Exercise instructions. Starting at the line that contains "A close-up shot" and stopping at the line that contains "Class 20 Light", restate each line of the records below exactly. Omit the pictures.

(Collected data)
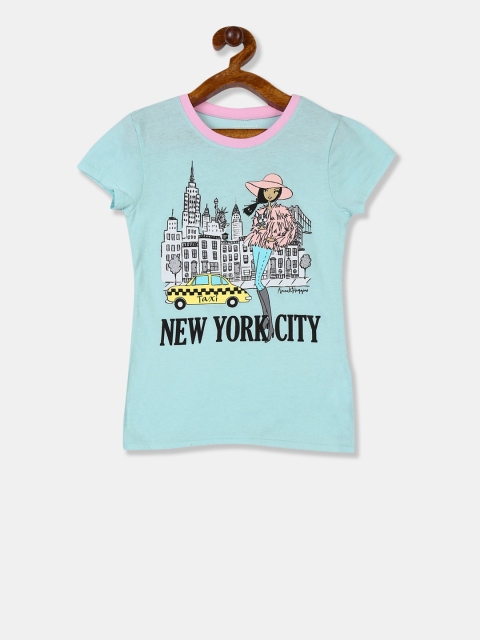 

The Childrens Place Girls Light Blue New York Print Round Neck T-shirt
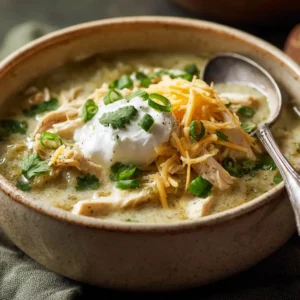 A close-up shot of green enchilada chicken soup in a rustic beige bowl, highlighting the creamy texture with shredded chicken and corn.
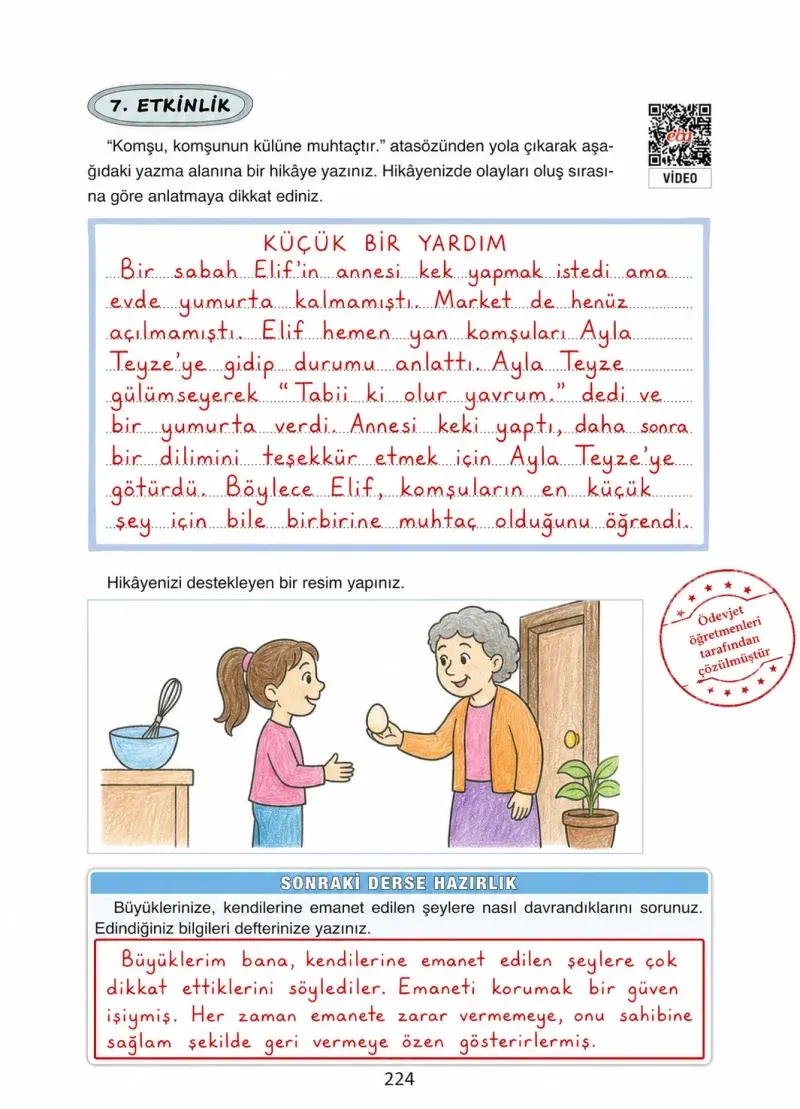 4. Sınıf Türkçe Ders Kitabı Cevapları Ada Yayınları Sayfa 224 Çözüm Görseli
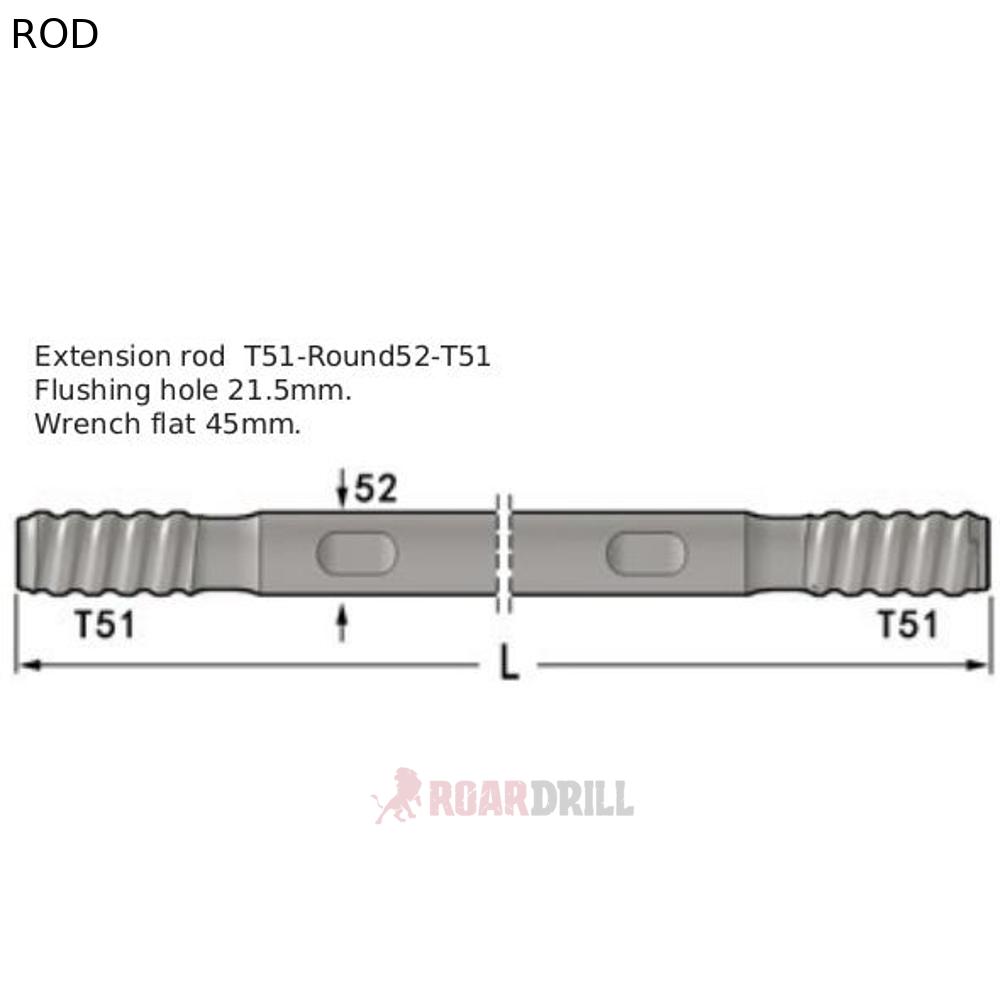 [12-23R52-T51-3660-23 (T51 MM) (DELTACARGO)] ROD (BARRA) T51/MM 3660 Acero normal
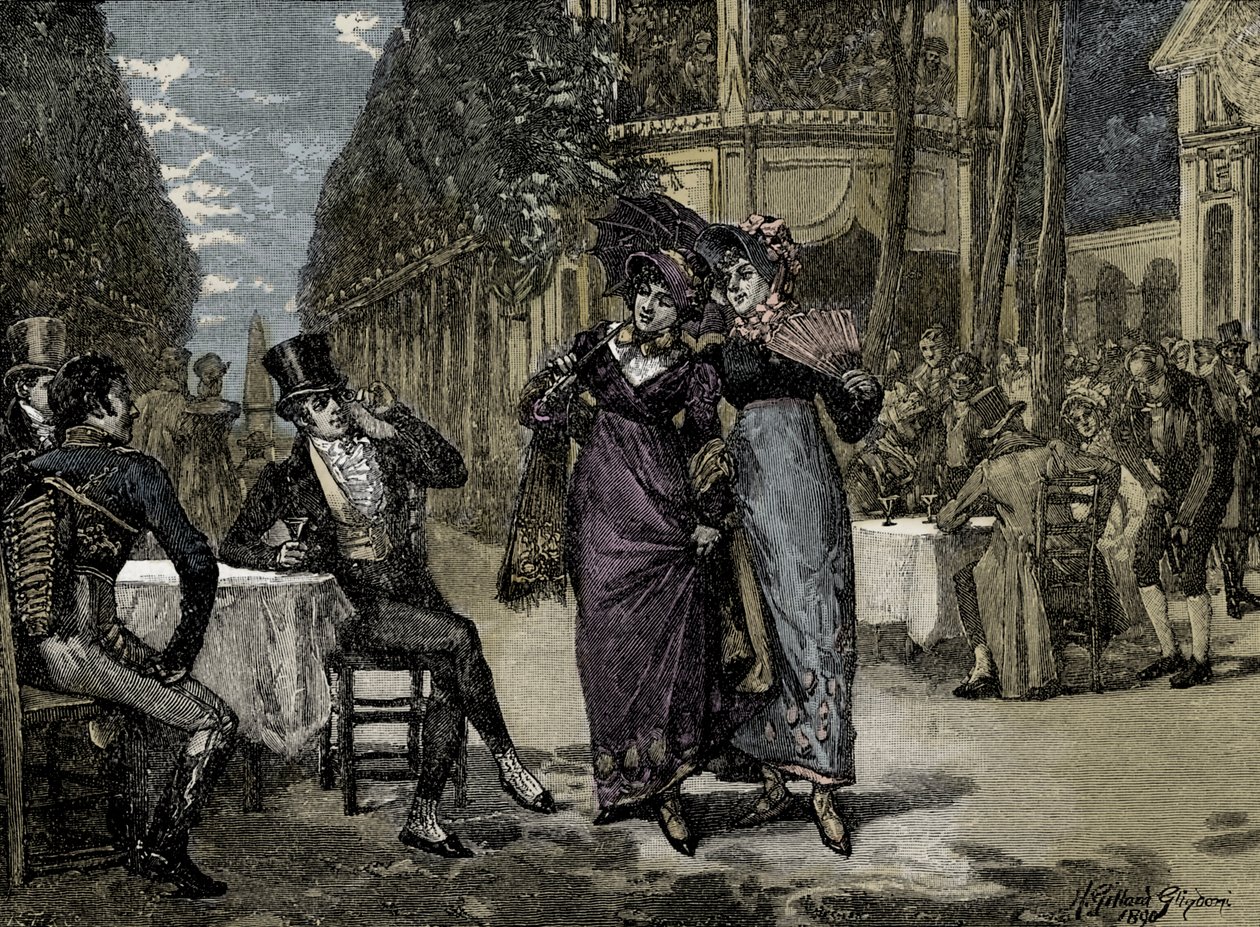 Moda de la Regencia: "Los Beaus y las Belles". de Unbekannter Künstler
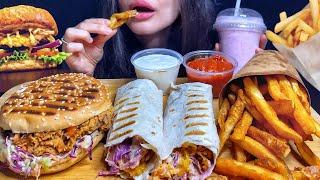 ASMR FAST FOOD *FRIED CHICKEN BURGER/SANDWICH + FRIES MUKBANG | EATING SOUNDS #shorts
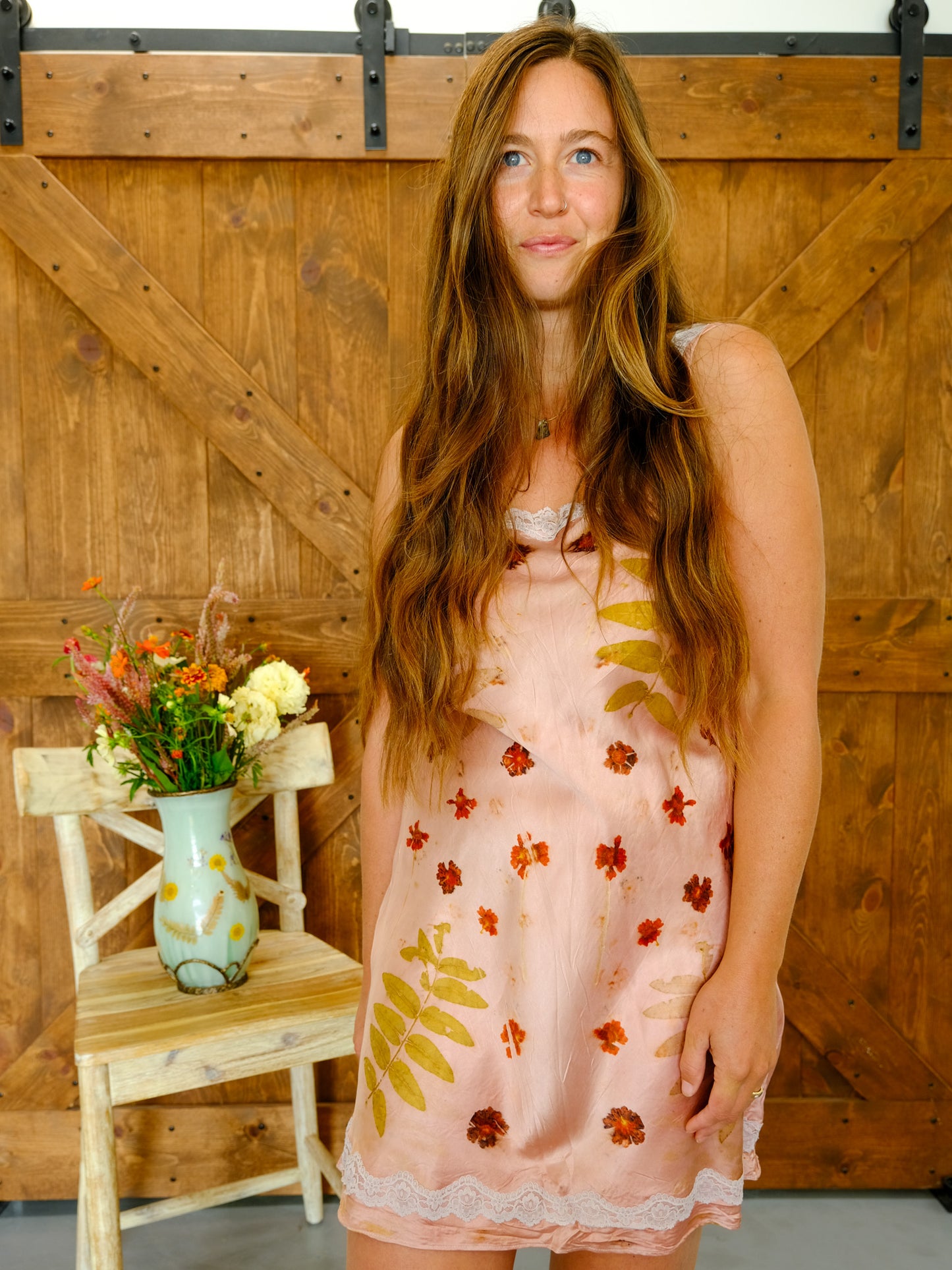 Brazilwood Eco-printed Silk Lace Dress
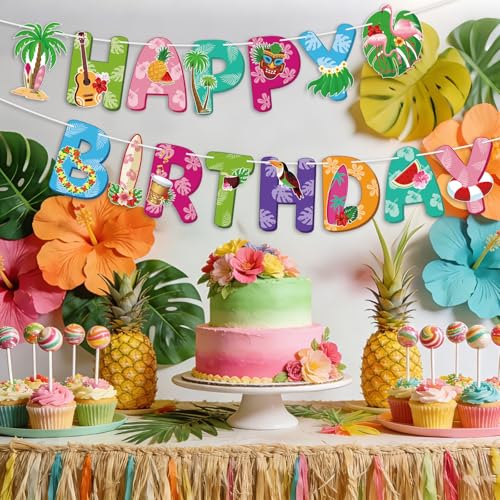 Image of Hooqict Happy Birthday Banner Hawaiian Birthday Decorations Colorful Hawaii Party Banner Garland Sign for Summer Tropical Hawaiian Luau Party Decorations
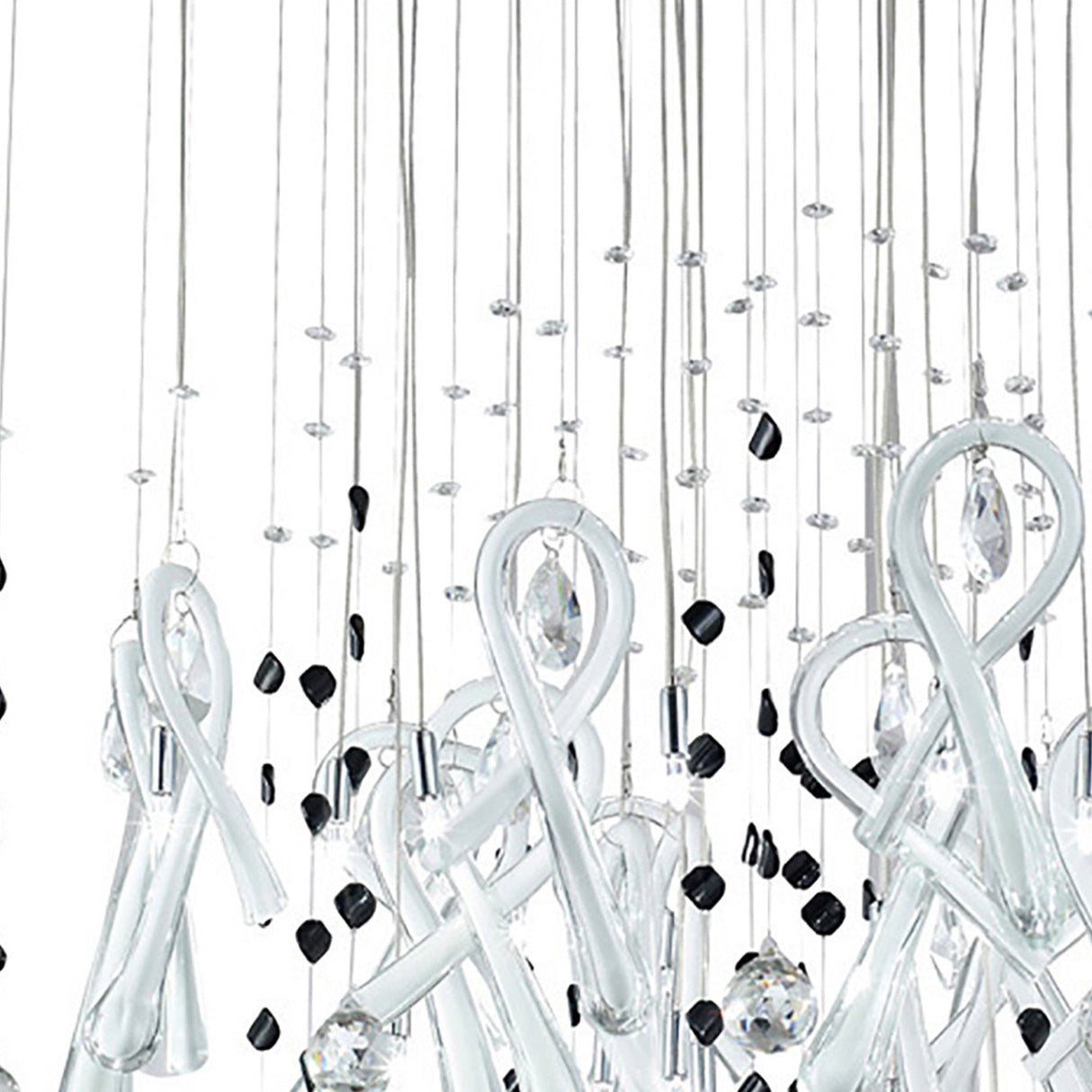 Class 20 Light Square Glass & Crystal Cluster Pendant Light - Chrome & White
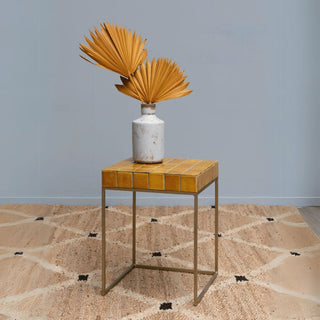 Yellow Ceramic Tiled Side Table in Archived from Oriana B www.orianab.com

Exercise result.
 A close-up shot of green enchilada chicken soup in a rustic beige bowl, highlighting the creamy texture with shredded chicken and corn.
 4. Sınıf Türkçe Ders Kitabı Cevapları Ada Yayınları Sayfa 224 Çözüm Görseli
 [12-23R52-T51-3660-23 (T51 MM) (DELTACARGO)] ROD (BARRA) T51/MM 3660 Acero normal
 Moda de la Regencia: "Los Beaus y las Belles". de Unbekannter Künstler
 ASMR FAST FOOD *FRIED CHICKEN BURGER/SANDWICH + FRIES MUKBANG | EATING SOUNDS #shorts
 Brazilwood Eco-printed Silk Lace Dress
 Image of Hooqict Happy Birthday Banner Hawaiian Birthday Decorations Colorful Hawaii Party Banner Garland Sign for Summer Tropical Hawaiian Luau Party Decorations
 Class 20 Light Square Glass & Crystal Cluster Pendant Light - Chrome & White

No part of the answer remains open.